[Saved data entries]
-*-
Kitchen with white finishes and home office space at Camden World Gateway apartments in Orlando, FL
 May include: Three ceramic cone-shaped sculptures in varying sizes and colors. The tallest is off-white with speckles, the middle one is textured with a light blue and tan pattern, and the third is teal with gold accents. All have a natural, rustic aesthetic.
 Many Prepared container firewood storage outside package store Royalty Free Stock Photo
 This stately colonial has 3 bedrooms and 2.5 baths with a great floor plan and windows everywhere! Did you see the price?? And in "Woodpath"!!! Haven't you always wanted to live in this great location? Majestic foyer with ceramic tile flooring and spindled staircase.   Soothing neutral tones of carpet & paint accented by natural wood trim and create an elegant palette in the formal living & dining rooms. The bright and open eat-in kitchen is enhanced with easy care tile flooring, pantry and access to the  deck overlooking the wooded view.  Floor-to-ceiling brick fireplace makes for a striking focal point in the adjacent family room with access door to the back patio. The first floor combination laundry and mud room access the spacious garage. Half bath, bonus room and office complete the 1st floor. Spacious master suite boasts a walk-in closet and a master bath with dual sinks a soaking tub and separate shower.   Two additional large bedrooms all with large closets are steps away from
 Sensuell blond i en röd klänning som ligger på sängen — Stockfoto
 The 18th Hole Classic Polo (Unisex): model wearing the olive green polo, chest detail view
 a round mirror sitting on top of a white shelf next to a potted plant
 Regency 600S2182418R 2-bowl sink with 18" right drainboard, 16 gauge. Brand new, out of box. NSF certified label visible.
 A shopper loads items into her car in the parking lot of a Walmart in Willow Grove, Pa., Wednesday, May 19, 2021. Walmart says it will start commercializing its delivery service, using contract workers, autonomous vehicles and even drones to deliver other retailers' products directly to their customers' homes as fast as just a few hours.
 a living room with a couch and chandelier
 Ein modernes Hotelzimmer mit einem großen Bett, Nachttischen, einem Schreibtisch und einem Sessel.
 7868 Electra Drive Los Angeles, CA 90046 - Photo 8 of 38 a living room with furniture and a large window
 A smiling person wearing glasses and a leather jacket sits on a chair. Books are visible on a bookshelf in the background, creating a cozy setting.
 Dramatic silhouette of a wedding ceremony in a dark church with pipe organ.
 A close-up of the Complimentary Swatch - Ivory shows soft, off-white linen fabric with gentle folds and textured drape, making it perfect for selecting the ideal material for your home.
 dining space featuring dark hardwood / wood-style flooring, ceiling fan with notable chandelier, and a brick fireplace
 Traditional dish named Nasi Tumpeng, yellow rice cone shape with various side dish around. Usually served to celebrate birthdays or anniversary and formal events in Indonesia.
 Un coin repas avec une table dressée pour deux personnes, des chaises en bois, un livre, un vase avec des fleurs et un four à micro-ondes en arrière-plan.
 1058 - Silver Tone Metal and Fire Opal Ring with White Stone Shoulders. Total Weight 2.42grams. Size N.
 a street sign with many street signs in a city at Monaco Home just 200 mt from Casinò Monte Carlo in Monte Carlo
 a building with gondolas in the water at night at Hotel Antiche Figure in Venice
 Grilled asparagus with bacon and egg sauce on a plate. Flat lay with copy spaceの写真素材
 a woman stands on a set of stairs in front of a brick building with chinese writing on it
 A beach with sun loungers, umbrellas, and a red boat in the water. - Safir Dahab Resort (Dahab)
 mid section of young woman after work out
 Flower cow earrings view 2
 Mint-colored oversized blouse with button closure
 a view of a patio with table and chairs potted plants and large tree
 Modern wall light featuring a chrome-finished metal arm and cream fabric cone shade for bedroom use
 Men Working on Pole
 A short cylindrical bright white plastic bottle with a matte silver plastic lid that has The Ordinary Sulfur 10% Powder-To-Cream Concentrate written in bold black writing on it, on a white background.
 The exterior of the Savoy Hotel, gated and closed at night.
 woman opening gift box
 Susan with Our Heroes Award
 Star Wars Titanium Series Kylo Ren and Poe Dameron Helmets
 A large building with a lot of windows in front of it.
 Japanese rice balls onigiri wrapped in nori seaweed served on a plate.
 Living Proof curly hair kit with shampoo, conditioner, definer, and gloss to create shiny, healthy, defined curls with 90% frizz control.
-*-
[Your goal]: Once you find the line containing "Many Prepared container", stop: reproduce exactly that line and every line of the data before it, and nothing else.

[Answer space]:
Kitchen with white finishes and home office space at Camden World Gateway apartments in Orlando, FL
 May include: Three ceramic cone-shaped sculptures in varying sizes and colors. The tallest is off-white with speckles, the middle one is textured with a light blue and tan pattern, and the third is teal with gold accents. All have a natural, rustic aesthetic.
 Many Prepared container firewood storage outside package store Royalty Free Stock Photo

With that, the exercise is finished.